Zodiac Discussion Forum

Canonical Set of En…
 
Notifications
Clear all

Canonical Set of English Alphabet Transformations?

4 Posts
2 Users
0 Reactions
1,436 Views
(@vexr408)
Posts: 2
New Member
Topic starter
 

Long time listener, first time caller :lol: ; asking a question which I’ve not seen discussed elsewhere. (If this has already been touched upon elsewhere, my apologies, and please redirect as appropriate) I will also probably over-explain things in an effort to error towards saying “too much” as opposed to leaving something out.

If someone wanted to create a cipher we have can create an infinite amount of our own unique symbols for use; but we already the handy (well known and fairly distinct) 26 symbols of our english alphabet to start with; and which we can easily modify to get more by either mirroring and/or flipping the standard character. Some of those letters (AHMOTU… -SZ) can’t be mirrored because they are either left-right symmetrical, or they transform into other existing letters. More letters (BCDEHIK… – MW) cant be flipped because they are likewise top-bottom symmetrical, or again turn into other letters. A minor addition is that some of the letters (for instance Q and J) don’t seem well suited for mirroring and flipping because what they produce isn’t robustly distinct and could easily be confused or cause errors while enciphering or deciphering.

Does there exist some canonical set or sets of symbols composed of just normal and mirrored (and/or flipped) english capital letters as part of a published and distributed cipher scheme or schemes? I understand we could generate one brute-force style by just doing mirrors and flips on all 26 letters and then crossing-off ones that are duplications, transformations (SZ MW), or too indistinct or have other faults. But has this exercise already been done by some reputable organization (that may have been available during Z’s timeframe; but even if it wasn’t).
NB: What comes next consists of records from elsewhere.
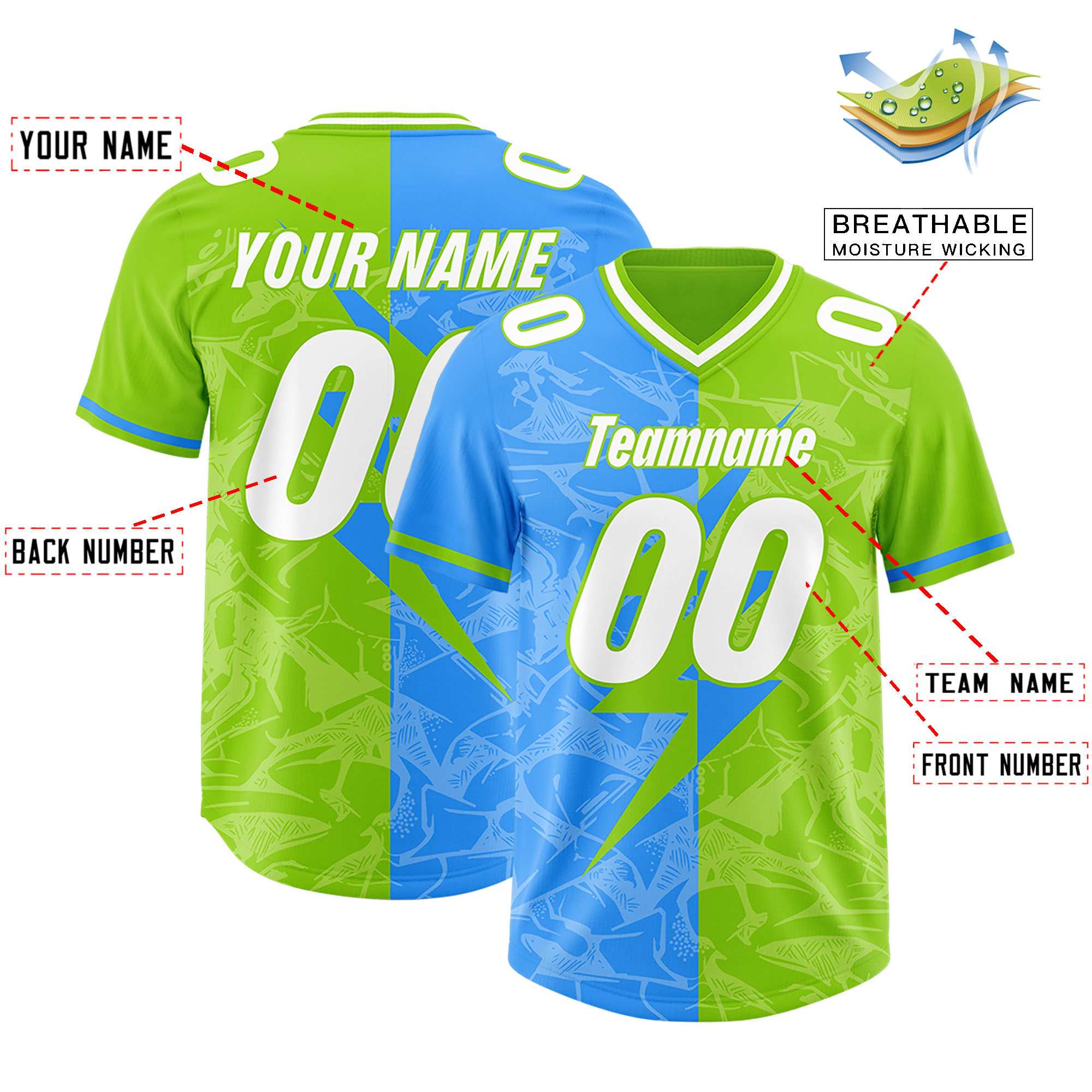 Custom Neon Green Light Blue Split Personalized Lightning Pattern American Football Jersey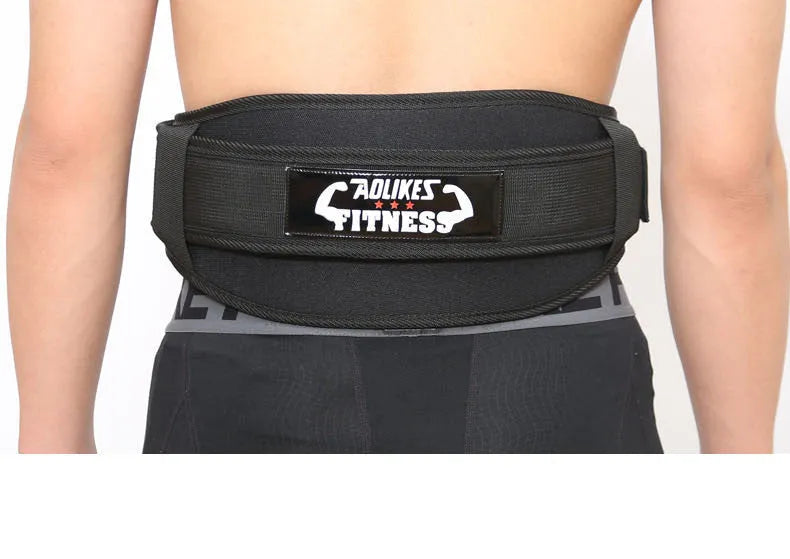 Nylon fitness weightlifting belt in black, red, or yellow for adult gym training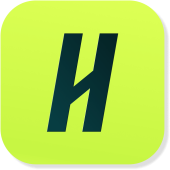 Handshake Logo, dark H with neon background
The reason I ask is: its been noted that there’s no C in the 408 or Q in the 340. A common rationale for that is that they may have been assigned to low frequency letters (QJX) which weren’t in the cleartext and as such not transcribed into the ciphertext. My question is: what if there was a backwards B in the 408 and/or backwards R in the 340 as part of the predetermined key, but they also were assigned to low frequency letters not present in the cleartext. And can that supposition tell us anything at all useful about possible substitutions or the like?

Sure create a few more unique symbols for the 340 to increase the homophonic ranges for the high-frequency letters (and hopefully make cracking it less easy); but why ignore symbols you already know and had used (like backwards R,E, or /) without an obvious reason? Please let me know your thoughts on my speculations; and thank you in advance for any help of guidance you cant point my way.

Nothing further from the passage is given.